No, it’s not weapons – I just wanted to get your attention; it’s “Words”. Last week two words of enormous significance crept into the news, and the first of them was the word “fair“.
This is a very interesting and potentially devastating word, but I wonder if the Minister was wise in letting it out of the box? Has he read the story of Pandora?
The word was used in connection with a report by British Schools Adjudicator Ian Craig, who had been asked by the British Labour government to look into the procedures and practice of admissions to secondary schools in Britain.
It seems that many parents, desperate to get their child into a good school, are devising ways to get round the strict allocation procedures put in place to ensure “fairness”. As has been brilliantly explained by Judith Woods in “The Telegraph” these desperate tricks include “using grandparents’ addresses on admissions forms for sought-after schools, renting homes in the catchment area, feigning marriage break-up and then reporting that one parent has moved nearer the school, and swapping houses with friends.”
According to Mr Craig – and the government – this is “cheating” and not “fair”, and the former is asking for local authorities to “use all means open to them to deter parents from cheating the admissions system.

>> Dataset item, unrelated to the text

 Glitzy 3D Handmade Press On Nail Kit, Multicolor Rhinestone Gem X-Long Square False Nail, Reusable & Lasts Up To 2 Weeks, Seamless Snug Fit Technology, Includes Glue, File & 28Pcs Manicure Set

This includes removing places from the guilty and pursuing them through the courts, possibly using the Perjury Act.”
My interest here is not so much in the minutiae of the details of this current spat but the concept of “fairness” in society, which strikes me as pretty fundamentally complex.

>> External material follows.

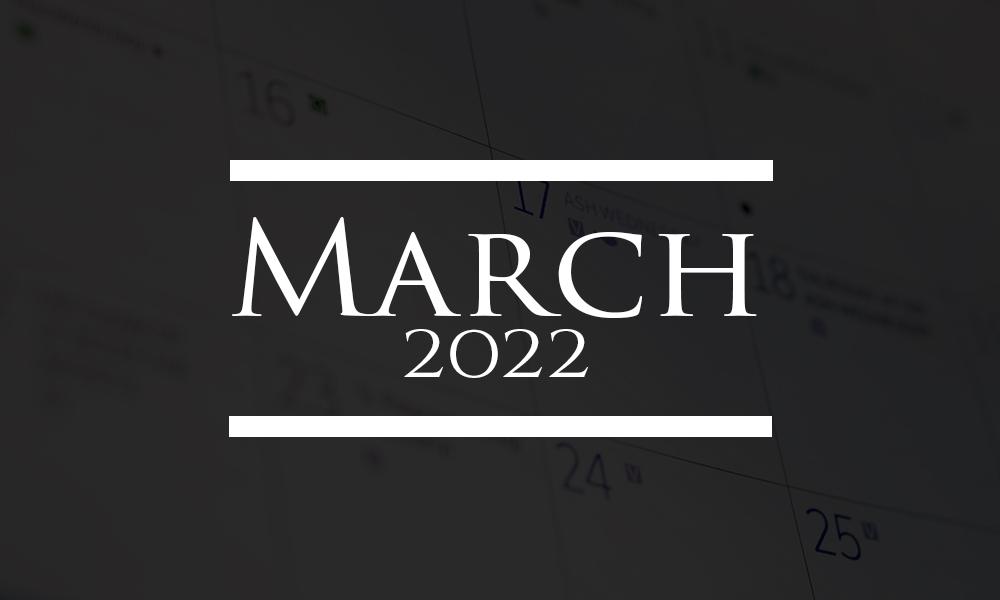 Upcoming Events Around the Diocese - March 2022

It is of course a fairly modern concept, not one that much preoccupied Genghis Khan or even the Victorians, who were much happier with the principles outlined in this verse of the hymn “All things bright and beautiful”.
The rich man in his castle,
The poor man at his gate,
God made them, high or lowly,
And order’d their estate.
Interestingly, the concept is also one that is not often explicitly discussed by governments. I wonder if this is because the power and moneyed elite know that they might be on a sticky wicket in any discussion of “fairness”?

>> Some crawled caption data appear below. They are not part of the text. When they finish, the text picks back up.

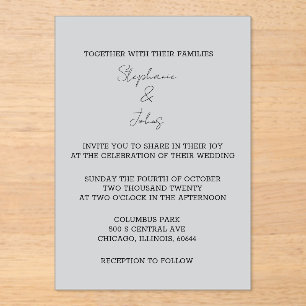 Script Simple Grey Grey Elegant Minimal Wedding Acrylic Invitations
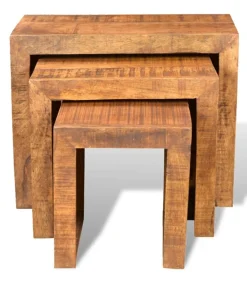 3-delige Tafeltjesset massief mangohout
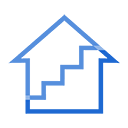 Icon - Ascension - Continuing Education - illustration outline of a house with stairs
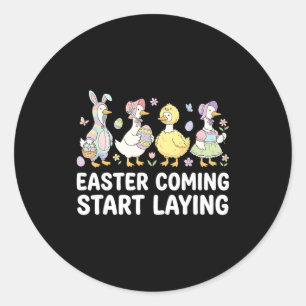Celebrate Girls Easter Geese And Silly Easter Cost Classic Round Sticker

As ever, one cannot hope to find the answers until one has clearly posed the questions. So here goes:
Minister, as you have introduced into evidence the concept of fairness and labelled those trying to get round the school admission regulations as “cheats”, could you possibly answer these questions?
- Is it fair that many families – desperate to provide a good education for their children – cannot afford to move to an area where there are good schools but are stuck through their limited means in an educational ghetto?
- Is it fair that people can play the religion card and send their kids to a high-quality “faith” school outside of their catchment area, Tony Blair, former British PM, being the best recent example.
- Is it fair that a substantial minority of parents don’t have to bother about finding a good state school at all since they can go private? (And shockingly, according once more to Judith Woods: “the advantage of being educated at an independent school is greater in Britain than in almost any other country.”)
- Is it fair that many of the same substantial minority own multiple dwellings while hundreds of thousands of ordinary families do not own their own home and have to pay rent to someone, a system that seems to me to be a direct descendent of the feudal system where you slaved all day in return for the right to live on some Lord’s property? (Speaking of which – much as I love the Queen – is it fair that the small Royal Family owns vast, multiple dwellings that could house thousands of homeless people?)
- Is it fair that poor person A should die of some horrible disease or disability while person B of limited means can pay for special treatment and survive?
And of course, the ultimate question: Is it fair that I wasn’t born with the voice of Elvis Presley and the brain of Albert Einstein?
Yes indeed; the concept of “fairness” goes far. Once you introduce it as a premise, then where do you stop? And either you base your government on “fairness” or you don’t. You can’t have your cake and eat it, can you?
I look forward in coming days to hearing more from Ministers – and indeed from readers – on the concept of “fairness”. One thing is sure to me, in a world of rapidly-increasing problems and people we risk hearing the word a lot more often as we struggle to find solutions which are “fair”. Of course, that assumes we think things should be “fair”.
Looking around, my conclusion is that we pretend to think it’s important but only if it doesn’t affect us too much personally.